Existence of Birkhoff sections for Kupka-Smale Reeb flows of closed contact 3-manifolds

TL;DR

This paper proves that Kupka-Smale Reeb flows on closed 3-manifolds always have Birkhoff sections, with implications for generic contact forms and geodesic flows on surfaces, enhancing understanding of their dynamical structure.

Contribution

It establishes the existence of Birkhoff sections for Kupka-Smale Reeb flows on closed 3-manifolds, including generic cases for contact forms and geodesic flows.

Findings

Kupka-Smale Reeb flows admit Birkhoff sections

Generic contact forms have Birkhoff sections

Geodesic flows on surfaces have Birkhoff sections

Abstract

A Reeb vector field satisfies the Kupka-Smale condition when all its closed orbits are non-degenerate, and the stable and unstable manifolds of its hyperbolic closed orbits intersect transversely.
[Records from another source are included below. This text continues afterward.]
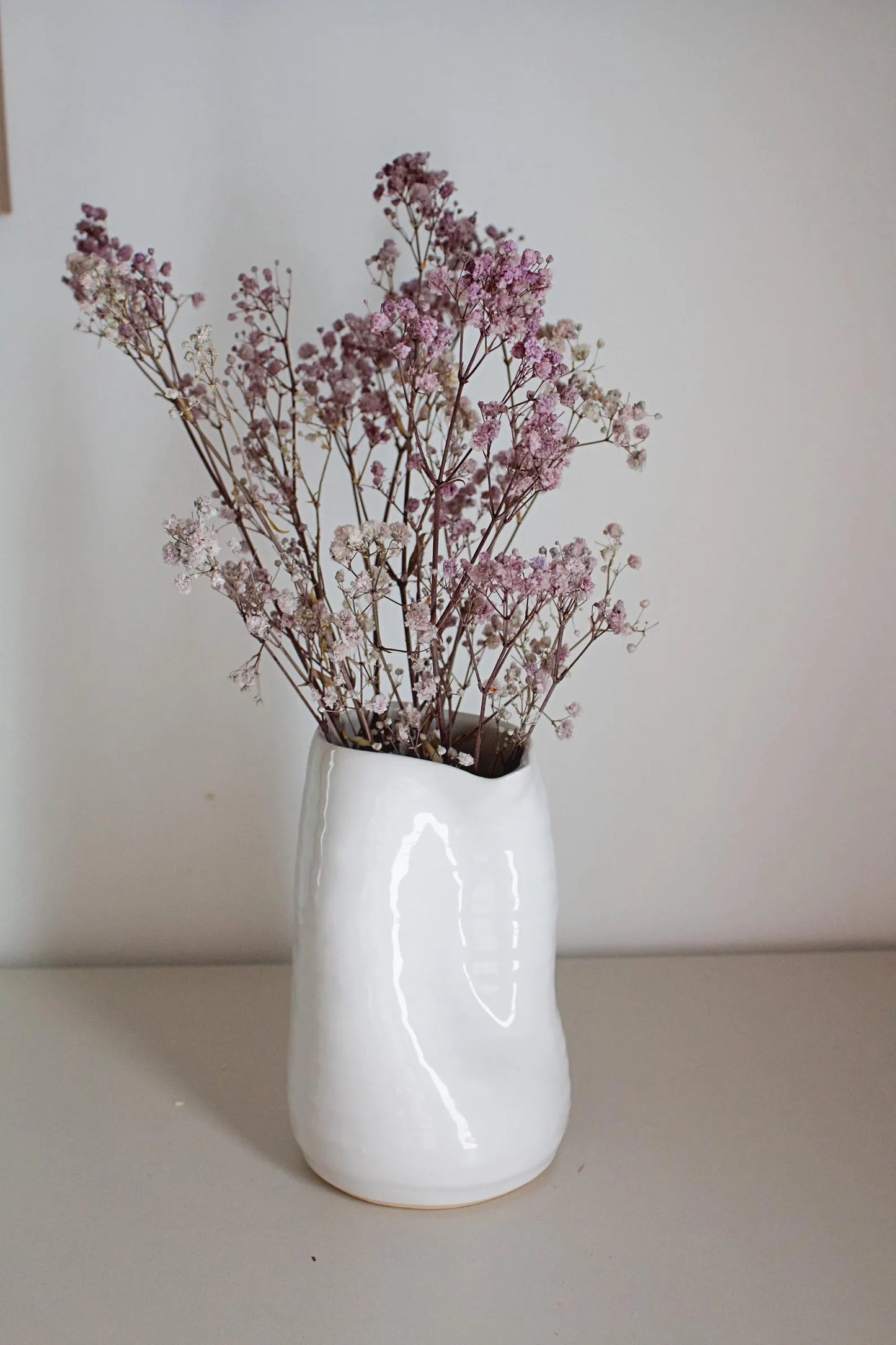 White Ceramic Vase – Modern Organic Table Centerpiece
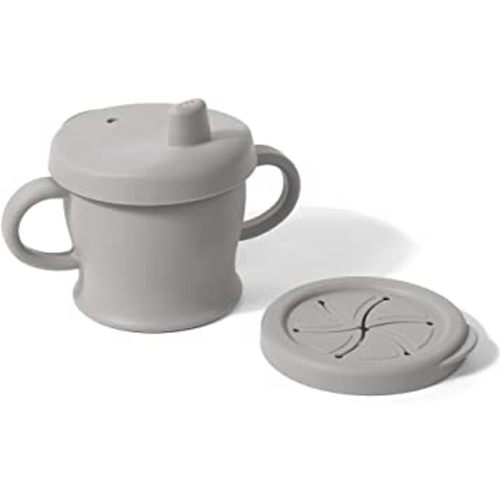 haakaa Silicone Sip-N-Snack Cup, Drop-proof Toddlers Sippy Cup & Snack Container 2-in-1, BPA Free Food Grade Silicone Cup for Baby 6 Months+, 9 Ounce (Grey)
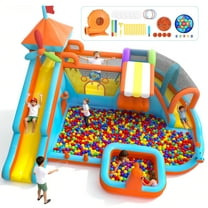 Letsgokid 17.5×13 FT 12 in 1 Inflatable Bounce House for Kids with Double Slide, 750W Blower, Toy Stand, Jumping, Climbing Wall, Water Gun, Splash Pool, Tunnel, Basketball, Indoor, Outdoor, Orange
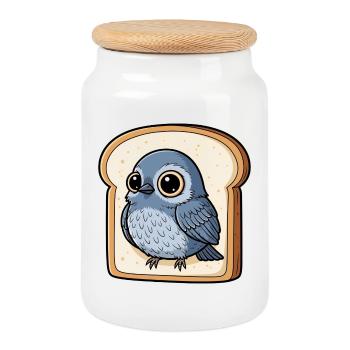 'Pigeon in Bread' Hilarious Bird Illustration Funn - Boîte à biscuits avec couvercle en bois - blanc - Devant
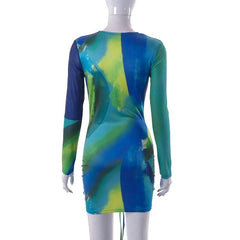 Contrast print drawstring long sleeve v neck ruched mini dress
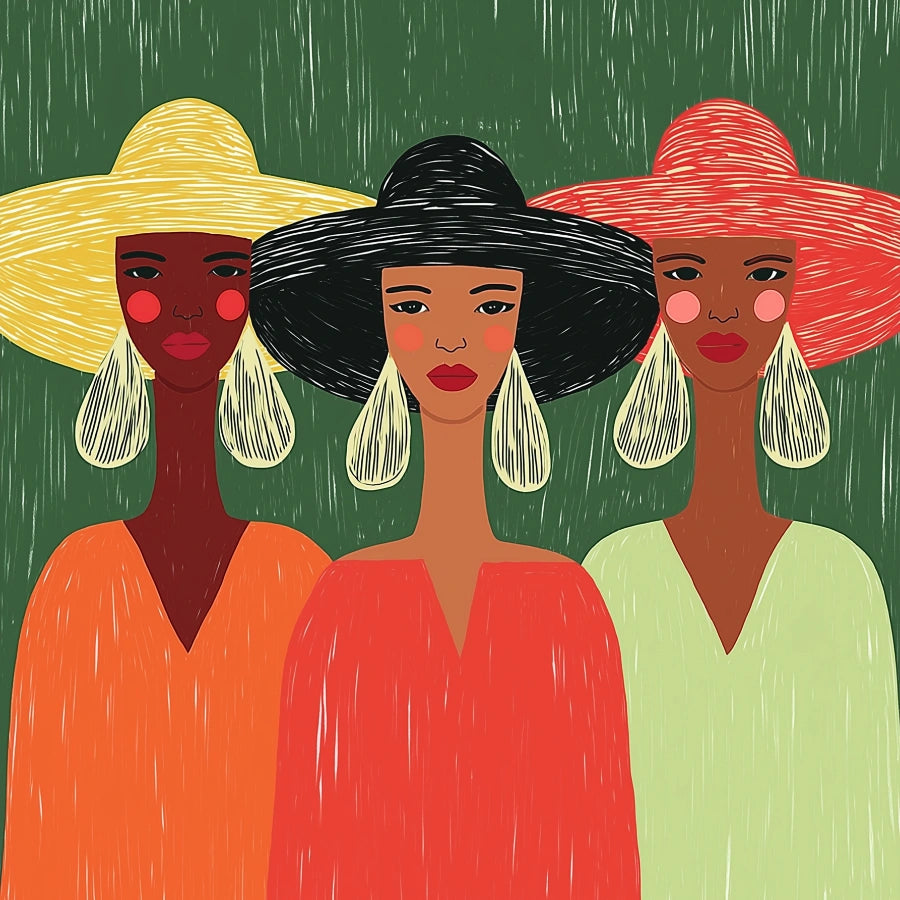 Sisterhood Wall Art – Bold Female Portrait Trio Print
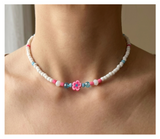 Handcrafted Pink Bloom Beaded Necklace, Metal-Plated Clasp w/ Extension Chain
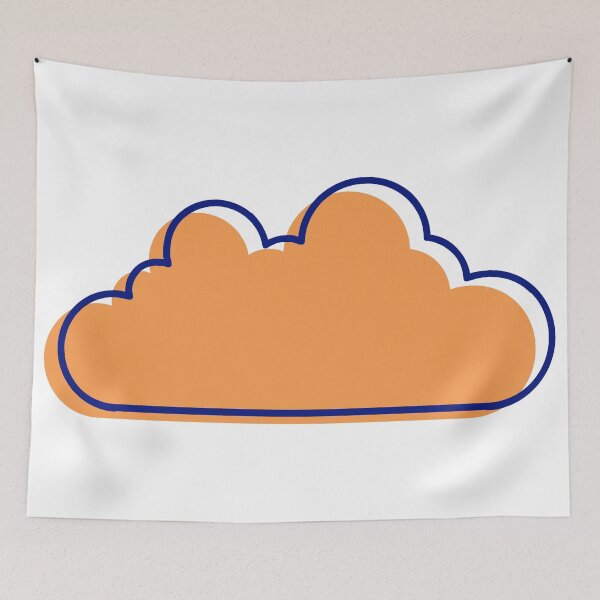 Item preview, Orange and Blue Cloud Line Art designed and sold by Allie Rockhill.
We show that, on a closed 3-manifold, any Reeb vector field satisfying the Kupka-Smale condition admits a Birkhoff section. In particular, this implies that the Reeb vector field of a $C^\infty$-generic contact form on a closed 3-manifold admits a Birkhoff section, and that the geodesic vector field of a $C^\infty$-generic Riemannian metric on a closed surface admits a Birkhoff section.